L'irrigation à distance des prairies bientôt une réalité?
Agriculteurs, chercheurs et entrepreneurs ont collaboré durant tout l’été dans l'Entremont. Résultat: entre 30 et 50% d'eau économisés. Un outil numérique pour faciliter l'arrosage pourrait également être proposé aux agriculteurs d’ici la fin de l’année.
Savoir quand arroser, et combien : c'est le défi quotidien de nombreux agriculteurs durant la belle saison.
Gérer l'arrosage à distance
Le projet ODILE (Optimisation de l'irrigation dans l'Entremont) tente d'y apporter une réponse. Lauréat du BlueArk Challenge 2020, il a été mis sur pied par le BlueArk Entremont, la fondtaion The Ark, ainsi qu'Altis au Châble. La solution ODILE permet d’apporter la bonne quantité d’eau au bon moment, en fonction du besoin des plantes et du sol. Au final, c’est une économie de temps et d’eau, sans pour autant diminuer la productivité. «D'une part, nous voulions offrir une solution pour pouvoir ouvrir et fermer les vannes d'irrigation à distance, et n'arroser que quand le sol et la plante en ont besoin», explique Eric Girardin, porteur du projet ODILE. «D'autre part, offrir une aide à la décision, pour permettre à l'agriculteur de décider quand, combien et où il faut irriguer.»
L'automatisation des cannes d'arrosage a également pour but d'éviter à l'agriculteur de se déplacer sur chacune de ses parcelles pour ouvrir la vanne, puis de repasser plus tard pour la fermer. «Il peut maintenant le faire via son smartphone, en cliquant simplement sur un bouton.»
Six agriculteurs ont joué le jeu
Pour les besoins de cette expérience, six agriculteurs des communes d’Orsières, de Liddes et de Val de Bagnes ont mis chacun une parcelle à disposition. Pour déterminer les besoins en eau de ces parcelles, des capteurs d'humidité ont été placés dans le sol. Les données récoltées ont permis de déterminer la composition du sol et les besoins de la plante. Selon les indicateurs obtenus, le système d'arrosage a ensuite été entièrement automatisé.

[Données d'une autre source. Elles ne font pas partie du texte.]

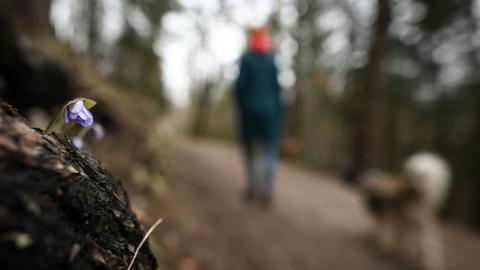 Foto EPA/PHILIPP GUELLAND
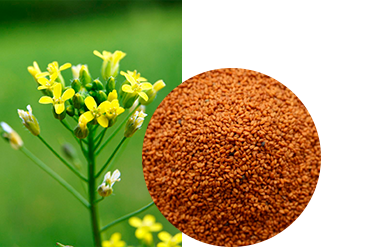 Рыжик маслиничный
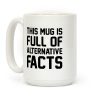This Mug Is Full of Alternative Facts Coffee Mug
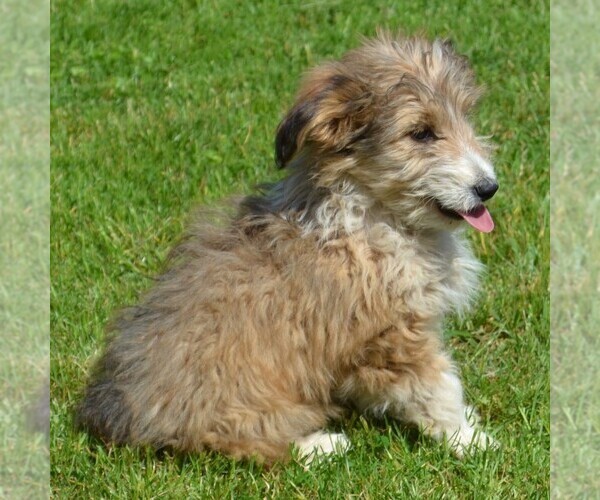 Medium Photo #8 Sheltidoodle Puppy For Sale in SHIPPENSBURG, PA, USA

«Sur la partie gérée par le projet ODILE, ils ont utilisé moins d'eau que nous. Cette solution pourrait diminuer notre charge de travail.» Denis Coppey, agriculteur à Orsières
Comme le canton doit produire 75% de fourrage de base pour garantir le raclette AOP, l’enjeu était de taille, particulièrement avec un été sec comme celui de cette année. «On voit que sur la partie gérée par le projet ODILE, ils ont tout de même utilisé moins d'eau que nous, sur les autres parcelles», reconnaît Denis Coppey, agriculteur sur la commune d’Orsières. «Les rendements sont à peu près identiques. En faisant plusieurs séances, on pourra certainement mettre en place une solution pour pouvoir diminuer notre charge de travail.»

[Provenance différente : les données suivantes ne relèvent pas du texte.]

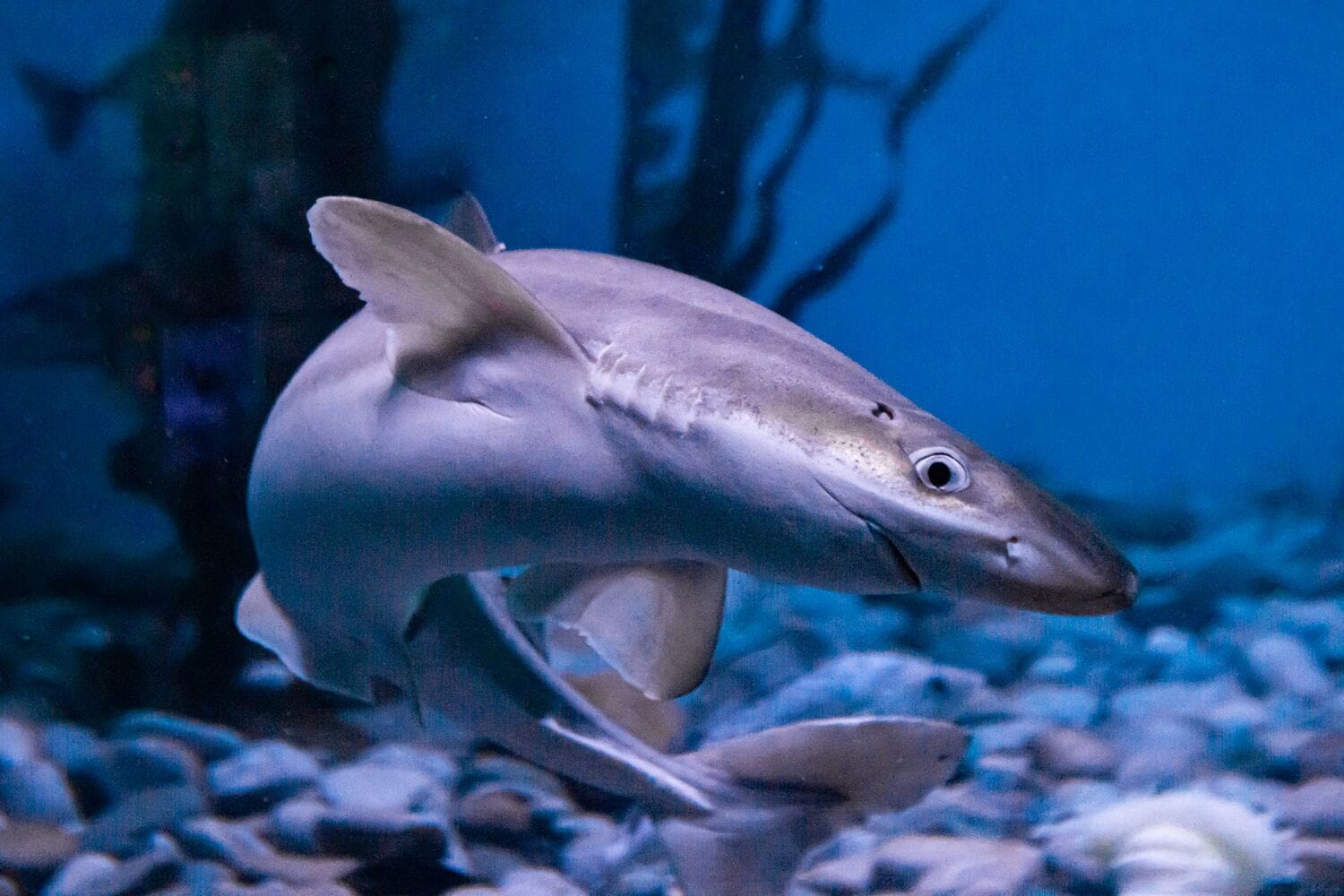 Ciekawostki o katranach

Denis Coppey le rappelle, pour arroser, il doit apporter asperseurs et tuyaux sur place, et les déplacer deux à trois fois sur les différentes parcelles. «C'est beaucoup de travail, avec les foins qui s'ajoutent en été. L'arrosage des prairies représente une à deux heures le matin, et la même chose le soir, vers 19h après ma journée de travail.»
Jusqu'à 50% d'économie d'eau
Pour les agriculteurs, le premier avantage de ce projet reste donc le gain de temps. Et l’expérience de cet été a montré que cette solution permet d’économiser entre 30 à 50% d’eau, tout en garantissant la production de fourrage. «Je suis très content. On a une solution qui permet de rassurer l'agriculture dans des étés compliqués comme cette année. C'est la garantie d'avoir tout de même un rendement», précise Eric Girardin.
«Avec les économies d'eau réalisées, ce système peut apporter une grosse plus-value aux communes.» Eric Girardin, porteur du projet ODILE
L’aide à la décision, sous forme de plateforme en ligne, devrait être proposée aux agriculteurs d'ici à la fin de l’année. La partie technique, soit les cannes d’arrosage connectées, nécessite encore un peu de travail, afin de proposer ce produit à un prix qui soit abordable.
Les résultats de l'expérience réalisée cet été dans l'Entremont ont été présentés au canton. Le projet pourrait également intéresser également les communes et les consortages.
ODILE, c'est une collaboration entre quatre partenaires. Deux partenaires du milieu académique: le Centre alpien de phytogéographie (CAP) au jardin botanique Flore-Alpe à Champex-Lac, et le Global Mountain Biodiversity Assessment (GMBA), un réseau international de chercheurs.
Et deux partenaires privés: la société Orbiwise, spécialisée dans les télécommunications, et Hydrolina, spécialisée dans la gestion de l'irrigation et le sol.